Military service has been described as consisting of long periods of boredom punctuated by moments of sheer terror. The hope is that training will kick in at crucial moments to enable personnel to perform the right action at the right time in the face of all adversity.
Looking to make it simpler for IT security professionals to respond similarly in the face of a cybersecurity attack, Carbon Black has partnered with IBM to create an offering that promises to automatically remediate vulnerabilities once the vector of a particular attack is discovered.
Tom Barsi, senior vice president of business development for Carbon Black, says the two companies have tightly integrated endpoint protection software from Carbon Black with QRadar security analytics and Big Fix automated patch management software.
“The goal is to reduce the attack surface as quickly as possible,” says Barsi.
Under the terms of the alliance, Carbon Black is sharing security intelligence data with IBM, which in turn uses that information to advise IT security professionals where they have the most exposure as it pertains to a specific attack. Those IT professionals can then employ Big Fix to automatically deliver the patches in the most critically important order required.

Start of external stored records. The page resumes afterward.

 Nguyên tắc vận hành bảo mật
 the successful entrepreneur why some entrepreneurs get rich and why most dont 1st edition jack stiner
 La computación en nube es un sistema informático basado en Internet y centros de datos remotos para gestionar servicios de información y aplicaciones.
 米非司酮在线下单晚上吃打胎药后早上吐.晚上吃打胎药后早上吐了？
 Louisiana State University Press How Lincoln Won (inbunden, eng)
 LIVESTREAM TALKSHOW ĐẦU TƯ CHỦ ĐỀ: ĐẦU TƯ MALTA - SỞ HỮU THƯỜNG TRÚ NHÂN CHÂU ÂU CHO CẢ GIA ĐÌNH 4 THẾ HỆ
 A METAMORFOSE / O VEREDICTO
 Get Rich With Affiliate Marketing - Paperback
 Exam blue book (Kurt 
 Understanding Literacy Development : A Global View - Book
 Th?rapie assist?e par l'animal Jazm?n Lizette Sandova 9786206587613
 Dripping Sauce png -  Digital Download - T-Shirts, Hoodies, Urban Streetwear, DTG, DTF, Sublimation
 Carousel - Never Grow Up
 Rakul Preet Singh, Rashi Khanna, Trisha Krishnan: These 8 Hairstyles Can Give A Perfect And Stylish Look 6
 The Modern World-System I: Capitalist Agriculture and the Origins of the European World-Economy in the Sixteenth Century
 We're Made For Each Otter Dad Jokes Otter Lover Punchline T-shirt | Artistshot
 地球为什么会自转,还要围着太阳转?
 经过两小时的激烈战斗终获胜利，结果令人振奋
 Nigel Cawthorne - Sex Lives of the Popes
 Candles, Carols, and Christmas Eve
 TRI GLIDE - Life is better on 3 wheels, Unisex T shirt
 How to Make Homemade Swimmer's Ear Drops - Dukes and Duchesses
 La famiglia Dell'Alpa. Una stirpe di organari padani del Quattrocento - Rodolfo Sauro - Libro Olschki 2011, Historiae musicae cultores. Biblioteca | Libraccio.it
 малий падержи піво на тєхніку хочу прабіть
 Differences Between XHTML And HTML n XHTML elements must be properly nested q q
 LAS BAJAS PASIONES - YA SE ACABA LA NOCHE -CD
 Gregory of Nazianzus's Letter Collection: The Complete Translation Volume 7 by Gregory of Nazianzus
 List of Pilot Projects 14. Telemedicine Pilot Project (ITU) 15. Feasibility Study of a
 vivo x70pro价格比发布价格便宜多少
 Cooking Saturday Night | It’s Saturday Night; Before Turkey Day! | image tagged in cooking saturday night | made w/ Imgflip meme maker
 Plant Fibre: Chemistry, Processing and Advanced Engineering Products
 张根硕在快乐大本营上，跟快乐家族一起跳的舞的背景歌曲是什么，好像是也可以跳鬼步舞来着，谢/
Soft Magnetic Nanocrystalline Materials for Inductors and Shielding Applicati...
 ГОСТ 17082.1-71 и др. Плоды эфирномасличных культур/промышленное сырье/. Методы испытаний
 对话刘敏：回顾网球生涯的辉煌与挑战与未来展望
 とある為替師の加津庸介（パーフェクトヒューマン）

Carbon Black and IBM are part of a much larger industry trend involving tighter coupling of endpoint security and automation to create a closed-loop approach to security that takes advantage of Big Data analytics. Those approaches not only promise to improve IT security, but they should also allow IT organizations to enable a IT security department to respond to an IT security attack with much greater alacrity.
Of course, none of this does much to prevent attacks from being launched in the first place. But by sharing data more proactively about those attacks, the amount of drama associated with responding to them should be considerably reduced, to the benefit of all concerned.